On the way to work the other day, I caught myself thinking about how temporal things are. We tend to think that everything will remain as it is, don’t we? Several years ago, my wife and I used to visit a favorite coffee shop every single weekend. As a matter of fact, we would spend hours there, drinking coffee, making plans, reading the Bible and holding wonderful conversations. I thought we’d end up performing that same ritual for years to come. But two or three years ago that coffee shop closed up. It took awhile to find another suitable replacement, I might add. But part of us stayed behind in that coffee shop.
I think about things my wife and I enjoy presently. We love to sing for the senior citizens at a local nursing home. I take my guitar, and we sing old church hymns in duet. And every so often, our choir director asks us to sing during Sunday worship. During the Christmas season, Ana Maria and I help the Salvation Army by dressing in old 1860′s attire and ringing the bell. We sing Christmas carols right there on the sidewalk! We love all of this! And this is what got me thinking. We take for granted that we will always maintain the health and stamina to get out and go places, singing and telling others about the Lord. But there may come a day when we no longer are able to get out to the nursing home, or get up and sing at church. We may be the recipients of someone else’s kindness and music.

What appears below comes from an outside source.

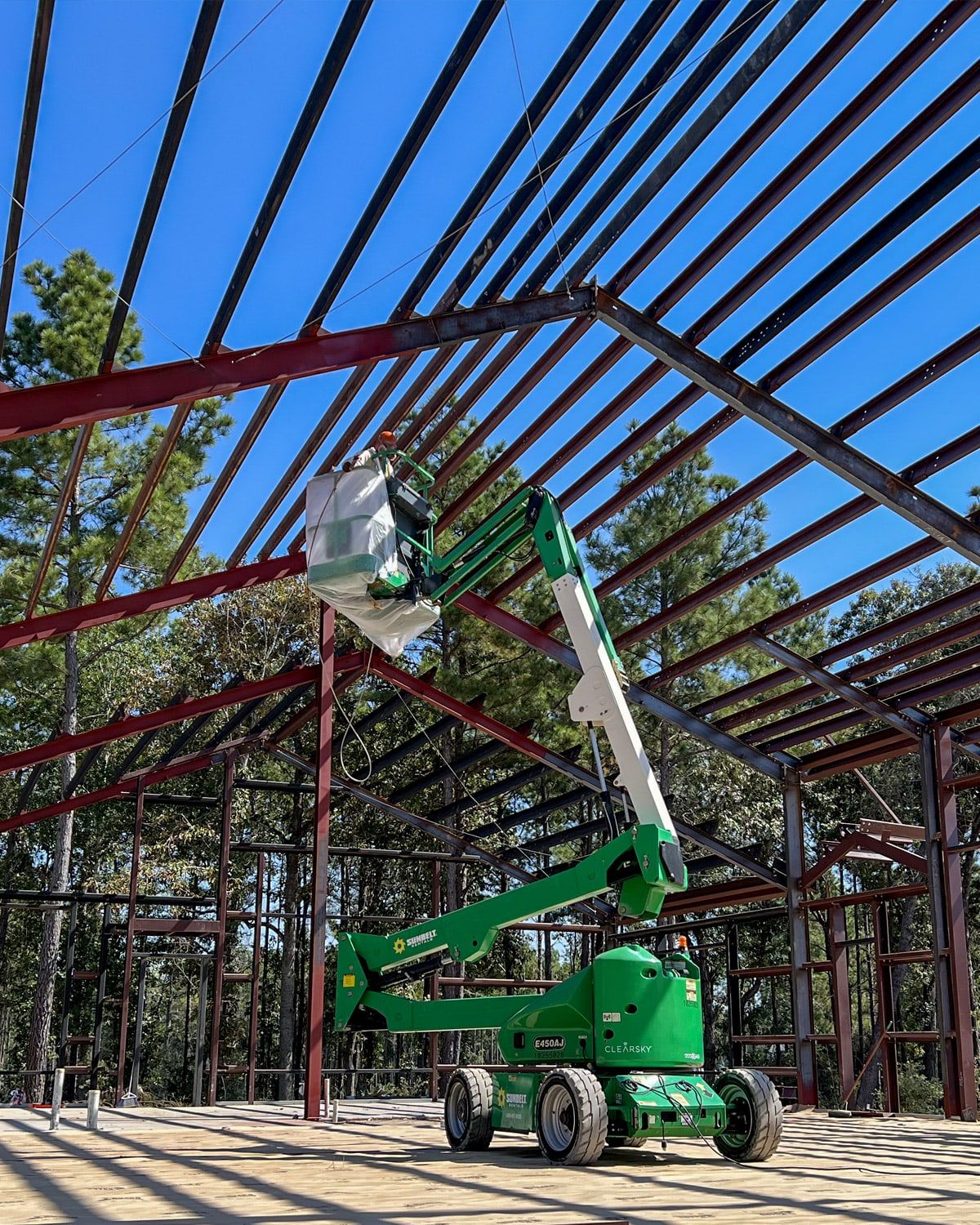 Painting a steel framework from a lift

Ana Maria and I are now in our 50′s. These are good years. We do our best to stay active and serve the Lord each day with the strenghth and time He gives us. I love where we are, but I know that things will not remain the same. However, this is no cause to be discouraged! We keep moving with steady anticipation toward that day – that day when we meet Him in the air and appear with Him at His coming! Things will definitely no longer be the same!
Michael, I loved reading this and it is so true. Often we take granted that things will stay the same. And too often as I have done, we take people for granted. In the last few weeks i have lost 2 loved ones to death. I had not seen them for a long time and always put off seeing them and said well there is always tomorrow. And now there will never be a tomorrow for them or a second chance for me to tell them what they meant to me. It hurts and yet i have somebody really dear to me who i love and she takes me for granted and shuts me out of her life constantly. She takes for granted I will always be here. I miss you and Ana. You two are such dear friends. God Bless and stay in touch.